*** Data provided Section Begins ***
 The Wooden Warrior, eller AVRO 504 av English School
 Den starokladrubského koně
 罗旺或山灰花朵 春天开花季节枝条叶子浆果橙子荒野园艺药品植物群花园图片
*** Data provided Section Ends ***
Work task -> An unaltered transcription of all the data above is needed.

Problem solution ->
 The Wooden Warrior, eller AVRO 504 av English School
 Den starokladrubského koně
 罗旺或山灰花朵 春天开花季节枝条叶子浆果橙子荒野园艺药品植物群花园图片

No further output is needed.